The new wife of Hollywood star George Clooney, lawyer Amal Clooney, has had talks with Greek PM Antonis Samaras as part of a campaign to return the Parthenon sculptures from Britain.

Greece has hired her London law firm to ramp up its claim to the sculptures.

The 5th Century BC treasures, known as the Elgin Marbles in the UK, are kept in the British Museum in London.

Fellow lawyer Norman Palmer said he hoped a "conciliatory and amicable resolution" could be found.

"If it cannot, then other considerations will have to be examined," he added.

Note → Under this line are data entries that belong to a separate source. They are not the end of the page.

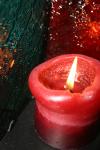 <img100*0:stuff/z/73640/candle%252fburn%2520reference/i1268005426_18.jpg>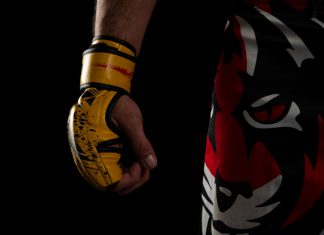 PFL adds BetMGM to growing sponsorship portfolio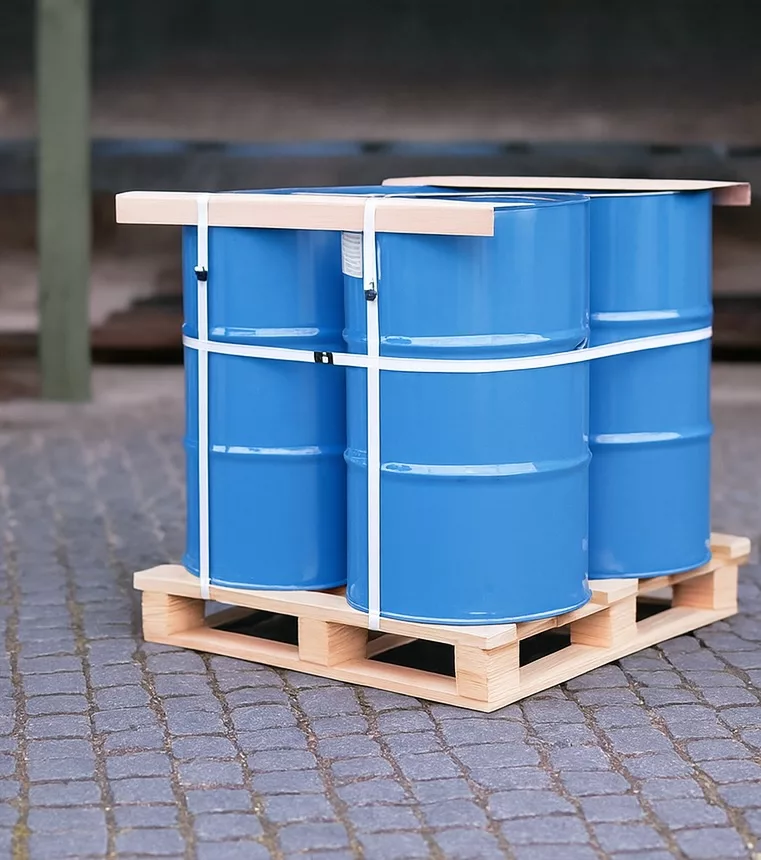 halstrap products visuels visuels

The marbles - depicting gods, men and monsters - were removed from the Parthenon in Athens in 1811 by Lord Elgin, the British ambassador to the Ottoman Empire, which controlled Greece at the time.

'World heritage'

Mrs Clooney and her colleagues from Doughty Street Chambers in London were visiting the Parthenon on Wednesday after taking part in a news conference with Culture Minister Costas Tassoulas.

Mr Tassoulas told reporters his country was campaigning to have the marbles returned in the name of Greece but also "in the name of world heritage".

Red carpet for Clooney - by Nick Malkoutzis in Athens

Greece gave Amal Alamuddin Clooney a rare treat today as she was guided around the Acropolis Museum by its president Dimitris Pantermalis and Culture Minister Kostas Tassoulas - an honour usually reserved for foreign dignitaries.

The Greek government has asked the human rights lawyer and her colleagues to secure the return of the Parthenon Marbles - a momentous mission.

The legal complexities will come later. For now Greeks are simply basking in her celebrity glow. Local media have been poring over her chic dresses and what she had for lunch. Reporters are following her every step, literally, even debating whether she would have the appropriate shoes to walk up the slippery marble steps to the Parthenon.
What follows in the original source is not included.